Apache Iceberg vs. Delta Lake vs. Apache Hudi
The open table format landscape is dominated by three projects: Apache Iceberg, Delta Lake (primarily maintained by Databricks), and Apache Hudi (primarily maintained by Onehouse/Uber). Each emerged from different companies to solve the same core problems with raw data lake storage, but with different design choices, governance models, and trade-offs.
Feature Comparison
| Feature | Apache Iceberg | Delta Lake | Apache Hudi |
|---|---|---|---|
| Governance | Apache Foundation (ASF) | Linux Foundation | Apache Foundation (ASF) |
| Primary backer | Broad ecosystem (Netflix origin) | Databricks | Onehouse (Uber origin) |
| ACID transactions | Yes | Yes | Yes |
| Schema evolution | Yes | Yes | Partial |
| Time travel | Yes | Yes | Yes |
| Hidden partitioning | Yes | No | No |
| Partition evolution | Yes | No | No |
| Row-level deletes | Yes (Spec v2) | Yes | Yes |
| Upserts (MERGE) | Yes | Yes | Yes (native) |
| Streaming write | Yes (Flink/Spark) | Yes (Spark) | Yes |
| Engine neutrality | Excellent | Good (Spark-centric) | Good |
| REST Catalog spec | Yes | No | No |
| Credential vending | Yes (via REST Catalog) | No | No |
| Branching/tagging | Yes (table-level) | No | No |
| Python client | PyIceberg | delta-rs | PyHudi |
| DuckDB support | Yes | Yes | Limited |
Governance: The Critical Difference
The single most important strategic difference between these formats is governance:
- Apache Iceberg is governed by the Apache Software Foundation under an open community model. No single company controls the specification.
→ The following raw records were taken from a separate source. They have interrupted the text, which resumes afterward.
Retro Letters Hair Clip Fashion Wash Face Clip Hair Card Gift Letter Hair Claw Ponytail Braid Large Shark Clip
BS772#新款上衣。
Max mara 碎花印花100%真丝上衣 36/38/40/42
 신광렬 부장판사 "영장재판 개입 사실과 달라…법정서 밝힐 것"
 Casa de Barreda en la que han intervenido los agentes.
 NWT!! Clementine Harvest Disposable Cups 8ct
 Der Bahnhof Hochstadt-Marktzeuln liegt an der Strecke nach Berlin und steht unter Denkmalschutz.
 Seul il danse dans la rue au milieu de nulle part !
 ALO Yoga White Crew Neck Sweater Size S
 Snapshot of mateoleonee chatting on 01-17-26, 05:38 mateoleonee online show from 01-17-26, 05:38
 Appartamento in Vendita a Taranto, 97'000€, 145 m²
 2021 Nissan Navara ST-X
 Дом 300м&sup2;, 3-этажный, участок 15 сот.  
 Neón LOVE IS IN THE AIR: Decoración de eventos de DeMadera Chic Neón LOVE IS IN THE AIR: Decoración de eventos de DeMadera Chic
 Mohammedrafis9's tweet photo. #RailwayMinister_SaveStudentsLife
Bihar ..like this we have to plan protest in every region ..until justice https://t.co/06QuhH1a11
- Delta Lake is governed by the Linux Foundation but is primarily developed by Databricks. The practical reality is that Databricks drives most design decisions.
- Apache Hudi is governed by the Apache Software Foundation, with Onehouse (the company founded by Hudi’s creator) as the primary commercial backer.
For organizations concerned about vendor lock-in, Apache Iceberg and Apache Hudi’s ASF governance provides stronger neutrality guarantees than Delta Lake’s de-facto Databricks control.
Ecosystem and Engine Support
Apache Iceberg has the broadest multi-engine support:
- Dremio, Spark, Flink, Trino, Presto, DuckDB, PyIceberg, Hive, AWS Athena, BigQuery, Snowflake, and more.
- The Iceberg REST Catalog standard enables engine-agnostic catalog access — any REST-compliant engine works with any REST-compliant catalog.
- Apache Polaris (co-created by Dremio and Snowflake, donated to Apache) provides a neutral reference catalog implementation.
Delta Lake has excellent Spark support and increasingly good support for other engines via the Delta Kernel and delta-rs, but Databricks remains the primary optimized runtime.
Apache Hudi has strong streaming upsert capabilities (native MOR streaming with Flink) and good Spark support, with growing support for other engines.
Why Apache Iceberg Won (and Is Winning) the Format Wars
By 2024–2026, Apache Iceberg has emerged as the clear ecosystem standard:
- Snowflake adopted Iceberg: Snowflake Open Catalog and native Iceberg table support.
- Apache Polaris: Co-created by Dremio and Snowflake, donated to Apache — the neutral reference catalog.
- AWS native support: Amazon Athena, S3 Tables, AWS Glue all have native Iceberg support.
- Google BigQuery Iceberg: BigQuery can read and write Iceberg tables.
- DuckDB + PyIceberg: The Python and data science ecosystem chose Iceberg.
- The REST Catalog standard: Iceberg’s catalog interoperability story has no equivalent in Delta Lake or Hudi.
While Delta Lake remains popular in Databricks-centric deployments and Hudi has a loyal following in streaming-first architectures, Apache Iceberg has become the format of choice for multi-engine, multi-cloud lakehouses.
Migration Between Formats
Migrating between table formats is possible but non-trivial:
- Hive → Iceberg: Use Spark’s
CALL system.migrate()for in-place migration. - Delta Lake → Iceberg: Convert via Parquet (rewrite as Iceberg from the Parquet files).
- Hudi → Iceberg: Convert via Parquet export + Iceberg import.
For new projects in 2025+, Apache Iceberg is the clear default choice for multi-engine, vendor-neutral lakehouses.